The first mention of the species in the Saloum delta is from 1980 by A. R. Dupuy (1981), while the next published record is from 2004 only – see comment by John Rose on this blog post [updated 4 Jan 2020] and the short paper by Rose et al. (2016). The next observation that I could find is from January 2007, of a bird photographed near Missirah by Stéphane Bocca. The fact that we heard two birds singing from Dassilame Serere, the records near Toubacouta and Sipo as well as the observation from Missirah all suggest that the Tigriornis is fairly well established here, and may well be widespread throughout the vast mangroves of the Saloum delta: targeted searches are likely to turn up more birds in other parts of the delta. The species is also present in mangroves along the Gambia river, where first discovered in 1996 (Kirtland & Rogers 1997). Casamance and especially the Saloum delta are actually right on the edge of the distribution range of the species, which extends from central Africa through the Congo-Guinean forest zone. In Senegal and Gambia, it primarily inhabits the vast mangrove forests, though it may also still occur in the swamp forest of the Basse-Casamance NP, i.e. in similar habitat to that occupied further south such as in Côte d’Ivoire and Ghana.

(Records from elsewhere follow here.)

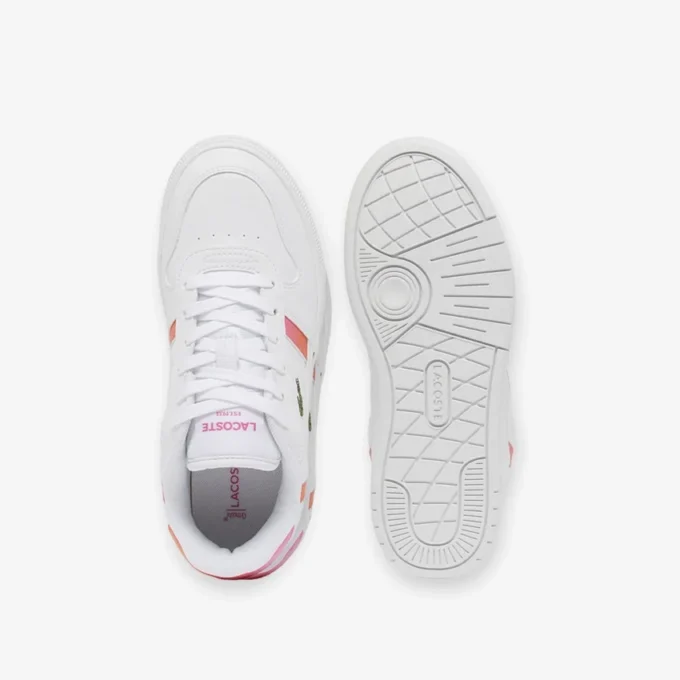 Zestaw T-Clip dla młodzieży – Sneakersy Zestaw T-Clip dla młodzieży – Sneakersy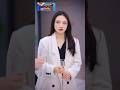 Prince Love Jini Love Yash Love Story Bts Tiktok Funny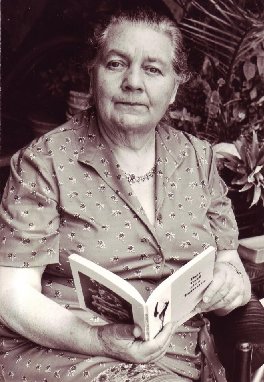 暖暖爱分享 tweet media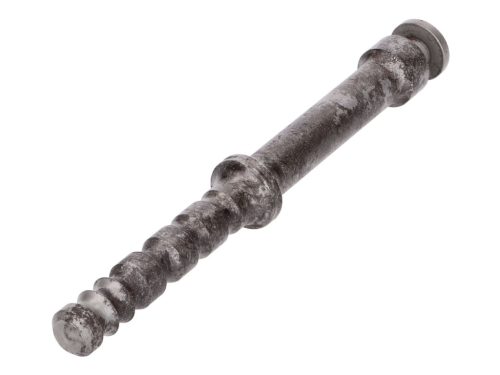 Húzókulcs / húzókulcs tengely megerősített 5 sebességes váltó Simson S51, S53, S70, S83, KR51/2, SR50, SR80, M500, S51/2, S53, S70, S83, KR51/2, SR50, SR50, SR80, M500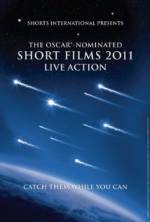 Watch The Oscar Nominated Short Films 2011: Live Action M4uhd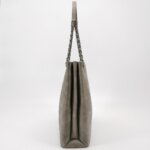 Chanel CC Shoulder Bag (Шанель) — фото 3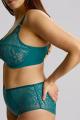 Sculptresse by Panache - Sophia BH H-M skål Sculptresse by Panache - Sophia BH H-M skål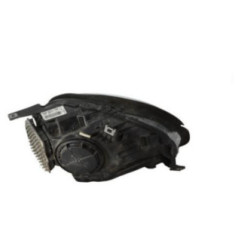 Optique avant principal droit (feux)(phare) MINI MINI 3 F56 Photo n°3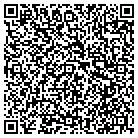 QR code with Cherokee River Indian Comm contacts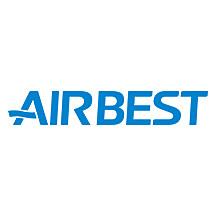 Airbest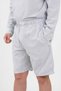 Aeron Men's Shorts - 3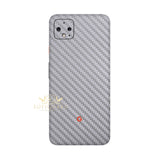 for Google Pixel 4 XL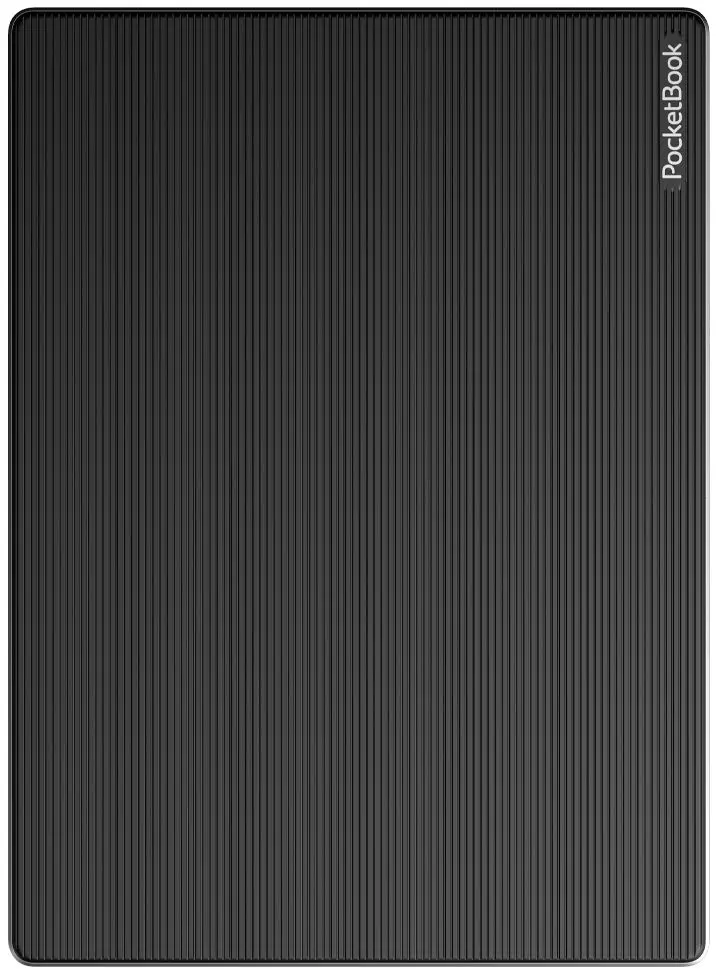 Электронная книга PocketBook 970 Ink Carta 9.7 - 2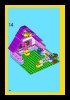 Building Instructions - LEGO - 5560 - LEGO® Large Pink Brick Box: Page 20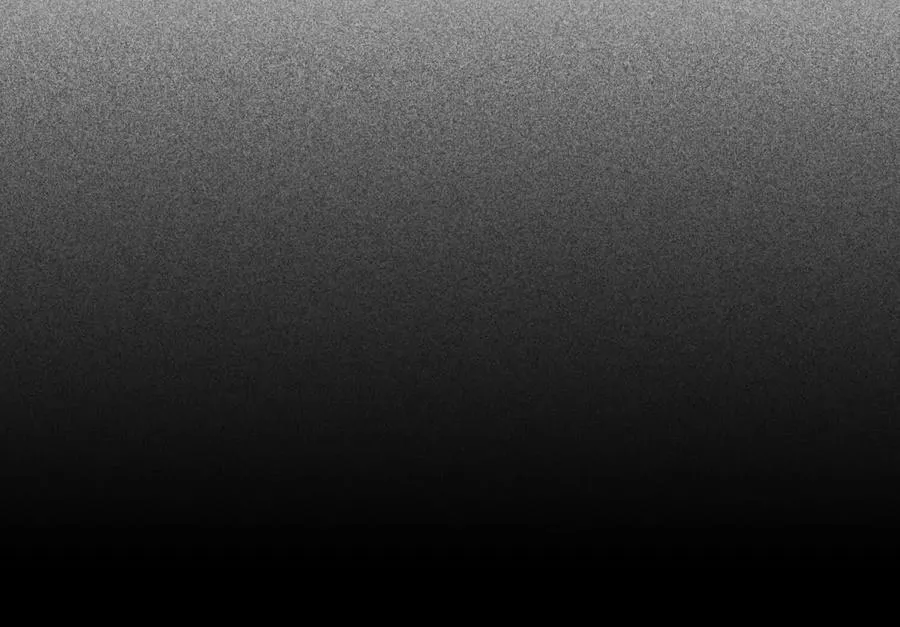 第15话 契约系统 第224页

Other good birds seen during our boat trip included several majestic Goliath Herons, Palm-nut Vultures, a colour-ringed German Osprey (more on this later), a few Blue-breasted Kingfishers and Common Wattle-eyes (both heard only), as well as an unexpected Swamp Mongoose seen in full daylight (Héron goliath, Palmiste africain, Balbuzard, Martin-chasseur à poitrine bleue, Pririt à collier, Mangouste des marais).
During our stay in the Toubacouta area, we also visited the Sangako community forest, Sandicoly, and bush/farmland near Nema Ba: plenty of birds everywhere, though no real surprises here, except maybe for a fine pair of Bateleurs, a species that’s right on the edge of its regular range here. Other goodies for us northerners included Swallow-tailed Bee-eater, Grey-headed Bushshrike, White Helmetshrike, Bruce’s Green Pigeon, Four-banded Sandgrouse and many more of course (Guêpier à queue d’aronde, Gladiateur de Blanchot, Bagadais casqué, Colombar waalia, Ganga quadribande). Also a nice series of owls heard from our campsite: Greyish Eagle Owl, African Scops Owl, Pearl-spotted Owlet and Barn Owl! (Grand-duc du Sahel, Petit-duc africain, Chevêchette perlée, Effraie des clochers).
With the addition of the Tiger Heron but also Ferruginous Duck (a pair on a small dam near Mbodiene, 24.12; Fuligule nyroca), my Senegal list now stands at 530 species: which one will be next?